Der bekannte Schriftsteller Edouard Deslaumes ist erschossen in seiner Wohnung aufgefunden worden. Zur gleichen Zeit erscheint bei der Polizei die exotische Freundin des Ermordeten, Djenane Farideh. Sie erklärt, bei ihr sei eingebrochen worden. Gestohlen wurde das intime Tagebuch von Edouard Deslaumes, das bei ihr hinterlegt war. Und dieses Tagebuch enthält hochbrisantes Material über eine Reihe bekannter Persönlichkeiten...
Julien Clay (* 1921; † 1986) war ein französischer Kriminal-Schriftsteller.
Der Roman Das Geheimnis des Tagebuchs erschien erstmals im Jahr 1968; eine deutsche Erstveröffentlichung erfolgte 1969.
Der Verlag DER ROMANKIOSK veröffentlicht eine durchgesehene Neuausgabe dieses Klassikers der Kriminal-Literatur in seiner Reihe DIE MITTERNACHTSKRIMIS.
Es fällt einem immer schwer, nach dem Urlaub ins Büro zurückzukehren. Heute, am 1. September, ist mir diese Rückkehr besonders zuwider. Es regnet. Es ist beinahe kalt in Paris. Erst gestern habe ich die sonnigen Gefilde der Costa Brava verlassen.
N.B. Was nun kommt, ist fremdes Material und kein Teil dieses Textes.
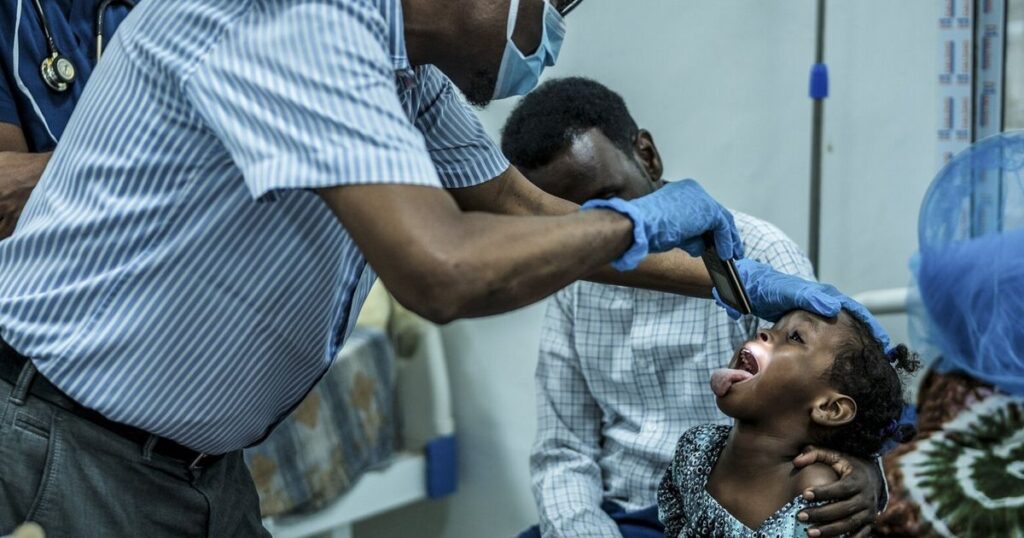 Diphtheria, a once vanquished killer of children, is resurgent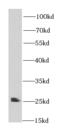 Heat Shock Protein Family B (Small) Member 11 antibody, FNab04156, FineTest, Western Blot image 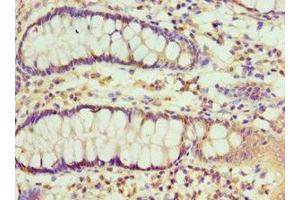 Immunohistochemistry of paraffin-embedded human colon tissue using ABIN7151115 at dilution of 1:100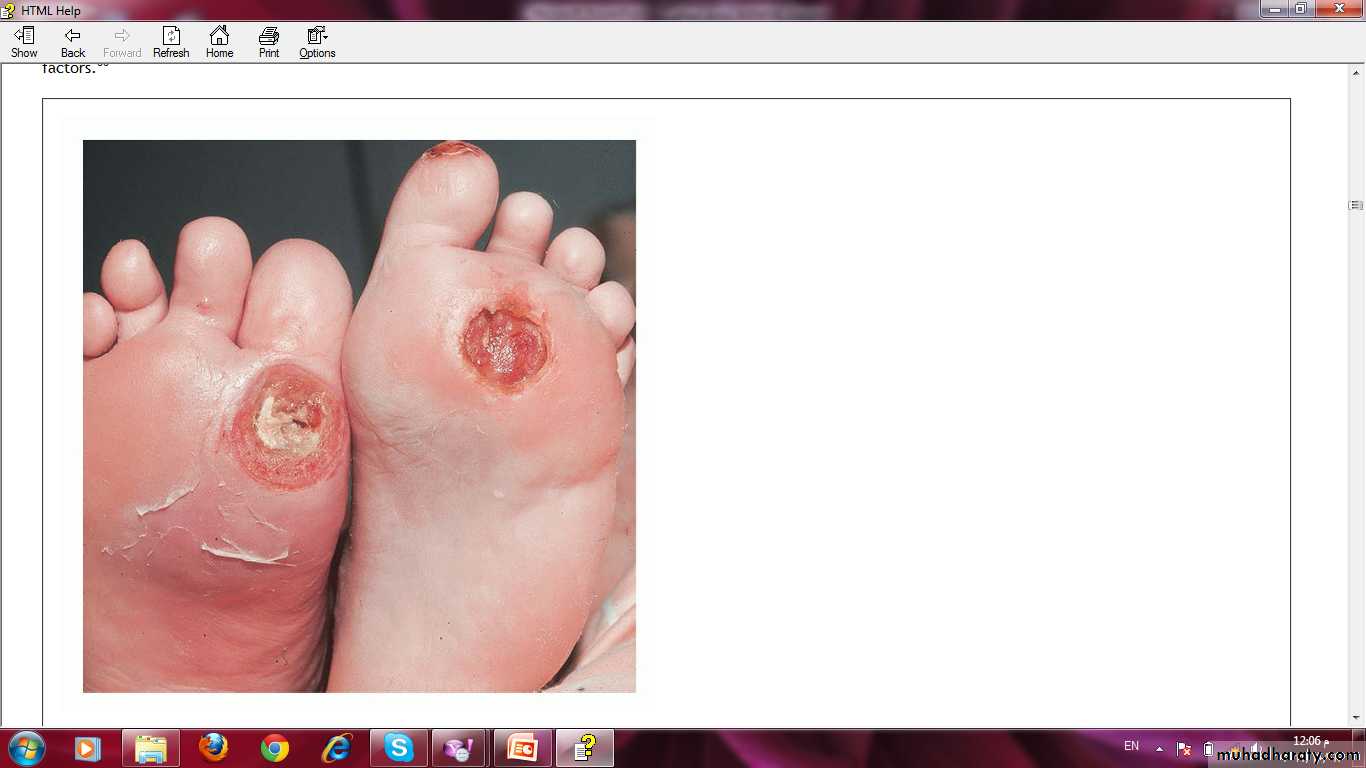 Manifestations of Systemic Diseases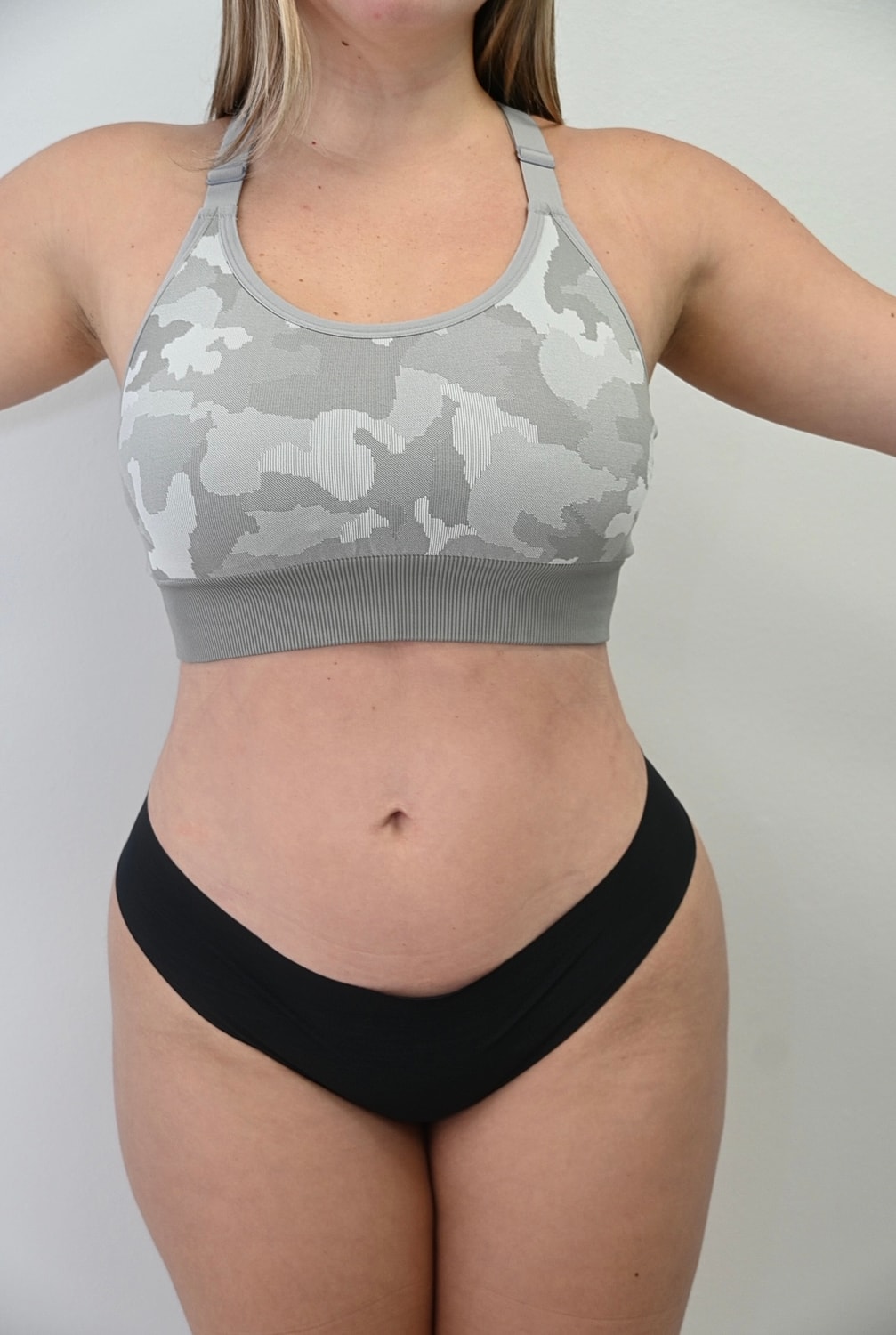 Liposuccion Abdomen Before & After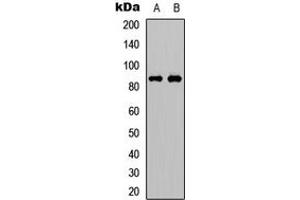 Western blot analysis of FRS2 (pY436) expression in Jurkat (A), Huvec (B) whole cell lysates. (FRS2 Antikörper  (C-Term, pTyr436))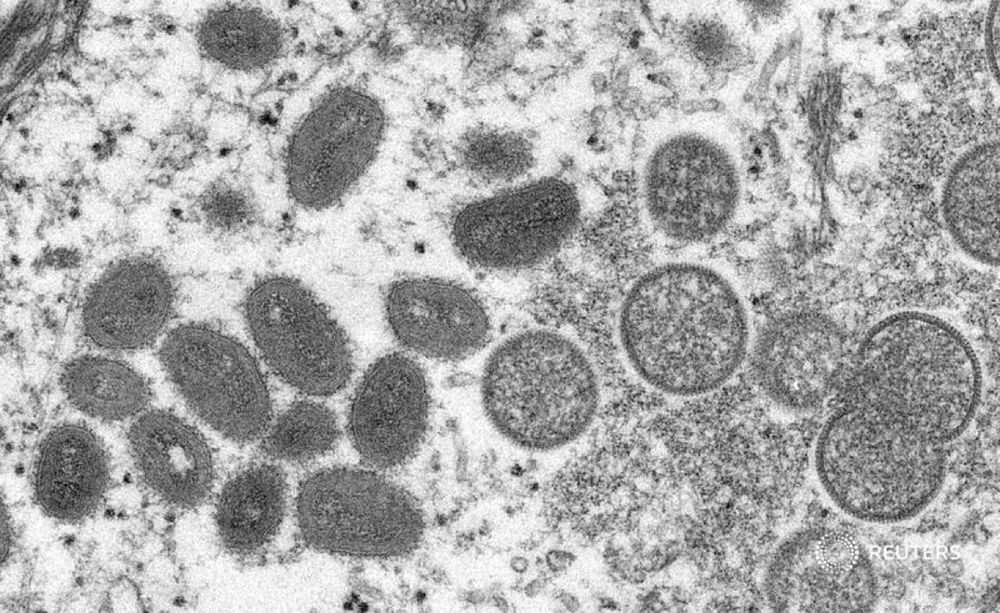 América registra casi un tercio del total mundial de los casos de viruela del mono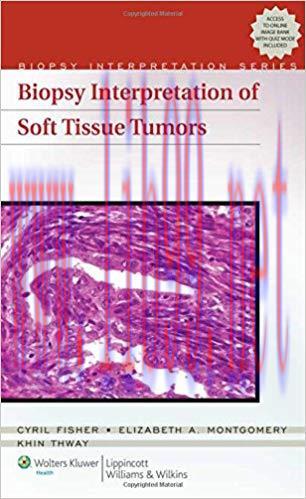 [PDF]Biopsy Interpretation of Soft Tissue Tumors
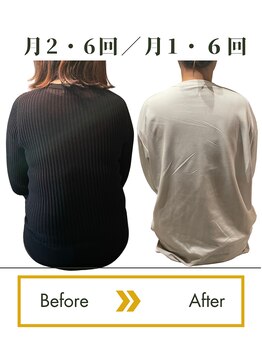 ロータス(LOTUS)/カラダの美容骨格術（経過写真）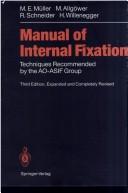 Cover of: Manual of Internal Fixation by Robert L. Schneider, M. E. Muller, Martin Allgower, Robert Schneider, H. Willenegger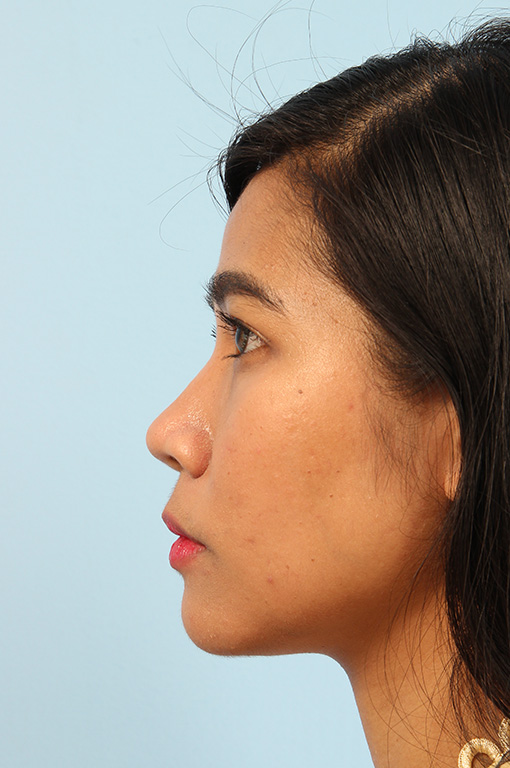 Rhinoplasty Before and After tid93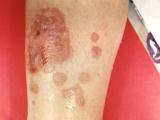tinea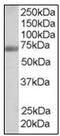 Formin-binding protein 1 antibody, AP23820PU-N, Origene, Western Blot image 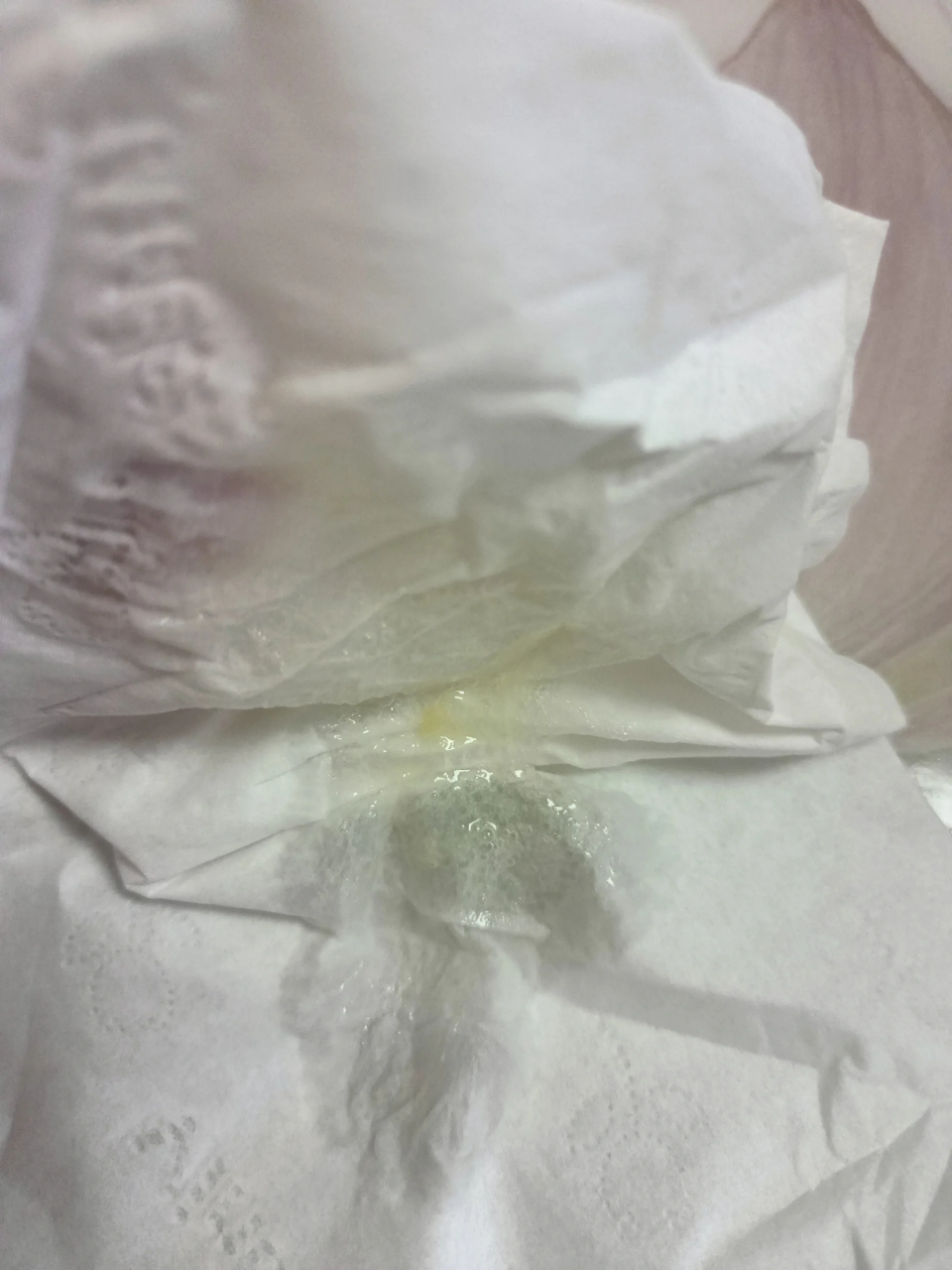 昨晚吃阿莫西林克拉维酸钾,今早情况记录 今早洗鼻子,吐出来黄痰,昨天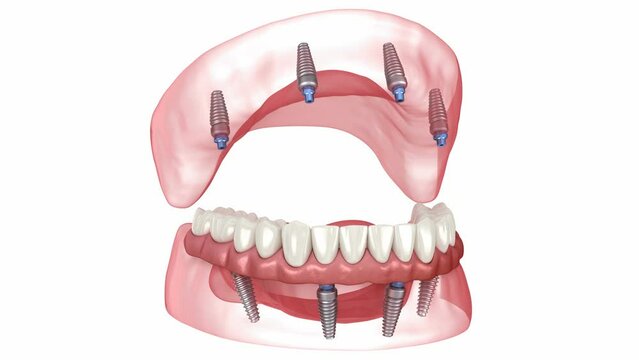 Prostheses supported by 8 implants. Dental 3D animation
Wir, das heißt Catherine und ich, haben in Barcelona das Flugzeug bestiegen. Kaum hatte die Maschine die Pyrenäen hinter sich gelassen, da gerieten wir in dichte Wolkenfelder. Bis zur Landung in Orly kamen wir aus dieser Waschküche nicht wieder heraus. Die langgestreckten Gebäude des Flughafens, die im Regen schimmernden endlosen Betonpisten strahlten einen abstoßenden Reiz aus: So würde wohl unsere künftige Welt aussehen. Der Himmel lastete tief und schwer wie ein Deckel über der Stadt. Ein trübes Tageslicht lag über einer glanzlosen Landschaft, aus der nur das feuchte Grün der Wiesen hervorstach.
»Was für ein scheußliches Grün!«, hatte Catherine erklärt. »Ich habe jedenfalls das Grau der Olivenbäume auf rotem Erdboden lieber. Warum können wir nicht immer in Spanien leben?«
»Weil die Spanier ihre Polizeibeamten nicht aus Frankreich holen. Und das ist eben mein Beruf!«
Catherine hatte nur einen Seufzer ausgestoßen.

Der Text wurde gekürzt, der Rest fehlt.